Dataset records:

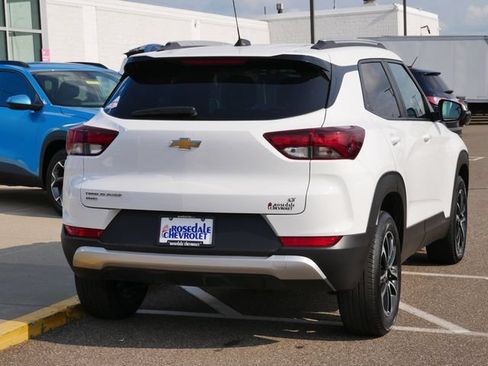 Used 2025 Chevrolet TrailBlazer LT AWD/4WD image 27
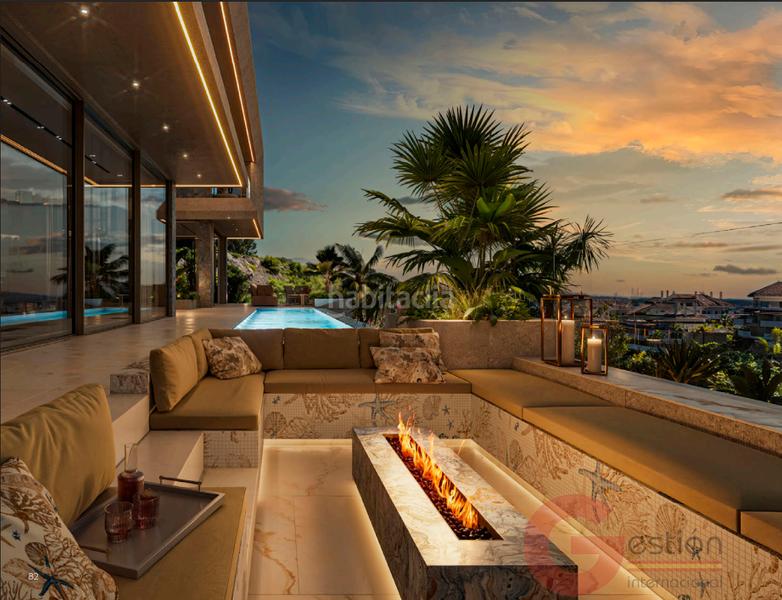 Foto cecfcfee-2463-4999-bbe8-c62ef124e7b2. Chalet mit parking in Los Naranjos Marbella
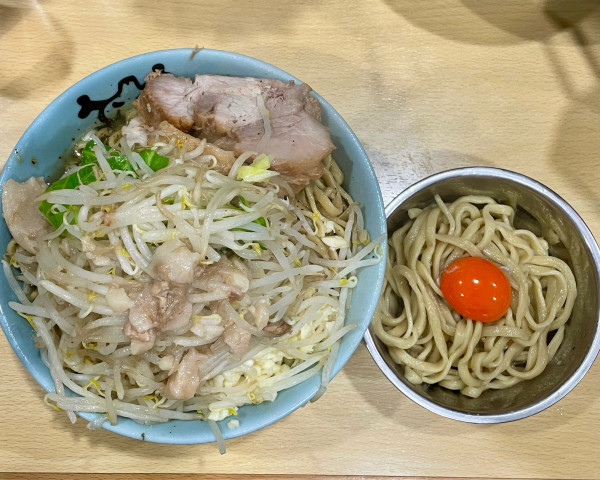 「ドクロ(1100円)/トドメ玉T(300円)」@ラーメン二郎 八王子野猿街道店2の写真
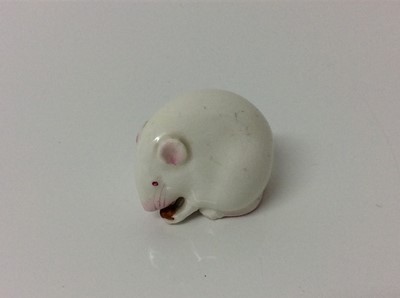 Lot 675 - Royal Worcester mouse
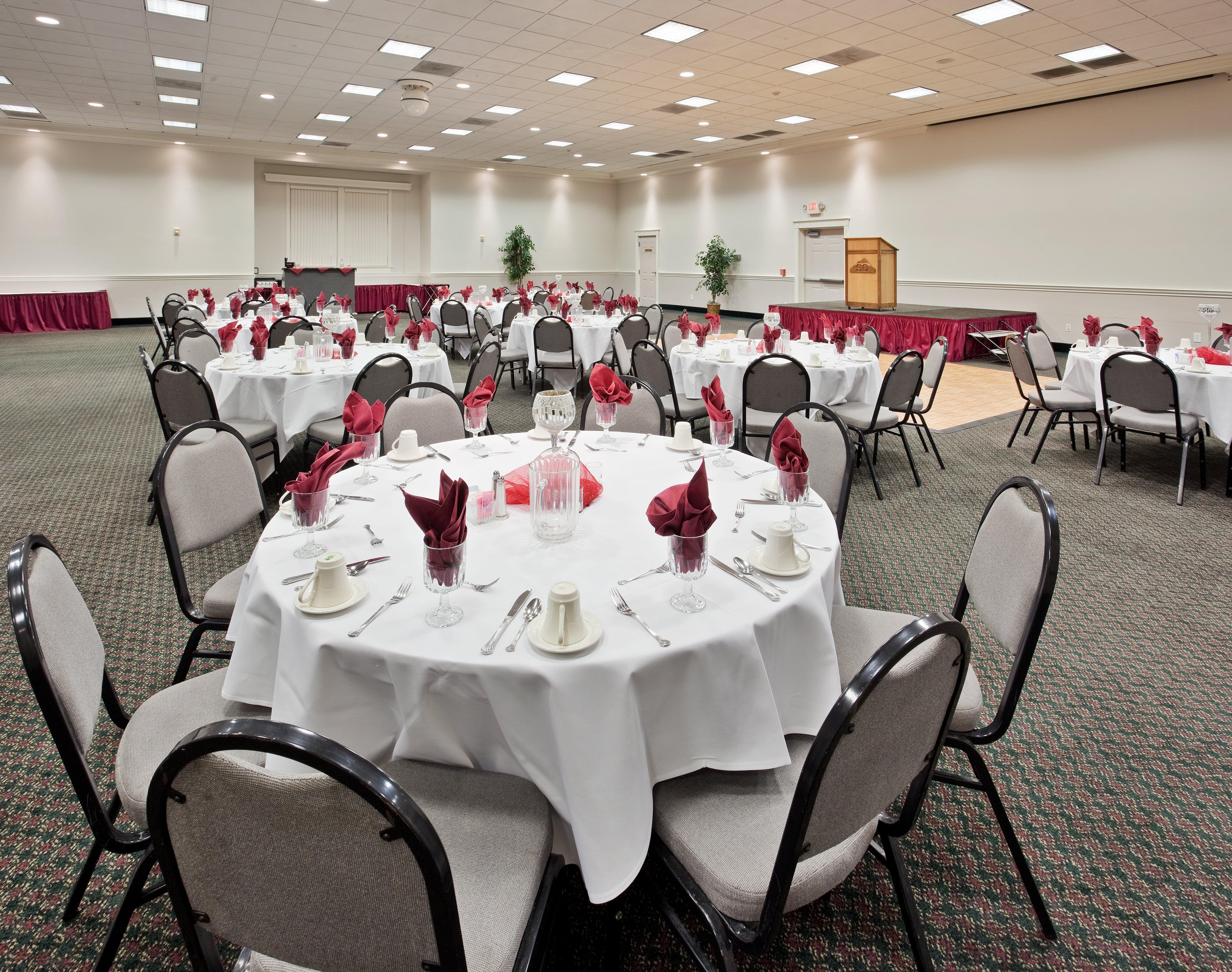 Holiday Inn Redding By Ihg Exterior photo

Exercise prompt:
Set down all the data again exactly as above, pictures excluded.

Result for this task:
 Used 2025 Chevrolet TrailBlazer LT AWD/4WD image 27
 Foto cecfcfee-2463-4999-bbe8-c62ef124e7b2. Chalet mit parking in Los Naranjos Marbella
 「ドクロ(1100円)/トドメ玉T(300円)」@ラーメン二郎 八王子野猿街道店2の写真
 Lot 675 - Royal Worcester mouse
 Holiday Inn Redding By Ihg Exterior photo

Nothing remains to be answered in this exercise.